[Data for the task — start]

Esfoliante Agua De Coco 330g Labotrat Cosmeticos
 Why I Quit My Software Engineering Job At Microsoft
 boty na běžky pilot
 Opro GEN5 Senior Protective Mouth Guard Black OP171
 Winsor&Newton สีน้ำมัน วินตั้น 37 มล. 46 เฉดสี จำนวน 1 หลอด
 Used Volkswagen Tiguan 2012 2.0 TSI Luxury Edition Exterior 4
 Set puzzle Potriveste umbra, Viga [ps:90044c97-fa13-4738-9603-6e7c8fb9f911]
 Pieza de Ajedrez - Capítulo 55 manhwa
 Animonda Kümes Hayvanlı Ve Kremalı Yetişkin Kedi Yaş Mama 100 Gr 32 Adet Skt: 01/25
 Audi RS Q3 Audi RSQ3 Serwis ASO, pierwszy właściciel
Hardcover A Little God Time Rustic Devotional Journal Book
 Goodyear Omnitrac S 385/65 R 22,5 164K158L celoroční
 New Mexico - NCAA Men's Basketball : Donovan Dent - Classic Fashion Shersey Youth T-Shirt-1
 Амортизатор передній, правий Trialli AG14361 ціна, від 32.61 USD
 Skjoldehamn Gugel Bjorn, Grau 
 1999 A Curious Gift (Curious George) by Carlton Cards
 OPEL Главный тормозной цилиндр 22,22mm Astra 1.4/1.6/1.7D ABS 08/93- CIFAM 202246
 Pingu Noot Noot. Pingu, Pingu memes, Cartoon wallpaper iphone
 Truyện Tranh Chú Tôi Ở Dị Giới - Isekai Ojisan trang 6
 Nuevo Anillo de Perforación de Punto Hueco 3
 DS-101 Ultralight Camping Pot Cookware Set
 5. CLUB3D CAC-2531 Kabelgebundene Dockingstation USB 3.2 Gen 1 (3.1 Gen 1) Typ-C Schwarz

[Data for the task — finish]

Print all the records precisely.

### Result of this task:
Esfoliante Agua De Coco 330g Labotrat Cosmeticos
 Why I Quit My Software Engineering Job At Microsoft
 boty na běžky pilot
 Opro GEN5 Senior Protective Mouth Guard Black OP171
 Winsor&Newton สีน้ำมัน วินตั้น 37 มล. 46 เฉดสี จำนวน 1 หลอด
 Used Volkswagen Tiguan 2012 2.0 TSI Luxury Edition Exterior 4
 Set puzzle Potriveste umbra, Viga [ps:90044c97-fa13-4738-9603-6e7c8fb9f911]
 Pieza de Ajedrez - Capítulo 55 manhwa
 Animonda Kümes Hayvanlı Ve Kremalı Yetişkin Kedi Yaş Mama 100 Gr 32 Adet Skt: 01/25
 Audi RS Q3 Audi RSQ3 Serwis ASO, pierwszy właściciel
Hardcover A Little God Time Rustic Devotional Journal Book
 Goodyear Omnitrac S 385/65 R 22,5 164K158L celoroční
 New Mexico - NCAA Men's Basketball : Donovan Dent - Classic Fashion Shersey Youth T-Shirt-1
 Амортизатор передній, правий Trialli AG14361 ціна, від 32.61 USD
 Skjoldehamn Gugel Bjorn, Grau 
 1999 A Curious Gift (Curious George) by Carlton Cards
 OPEL Главный тормозной цилиндр 22,22mm Astra 1.4/1.6/1.7D ABS 08/93- CIFAM 202246
 Pingu Noot Noot. Pingu, Pingu memes, Cartoon wallpaper iphone
 Truyện Tranh Chú Tôi Ở Dị Giới - Isekai Ojisan trang 6
 Nuevo Anillo de Perforación de Punto Hueco 3
 DS-101 Ultralight Camping Pot Cookware Set
 5. CLUB3D CAC-2531 Kabelgebundene Dockingstation USB 3.2 Gen 1 (3.1 Gen 1) Typ-C Schwarz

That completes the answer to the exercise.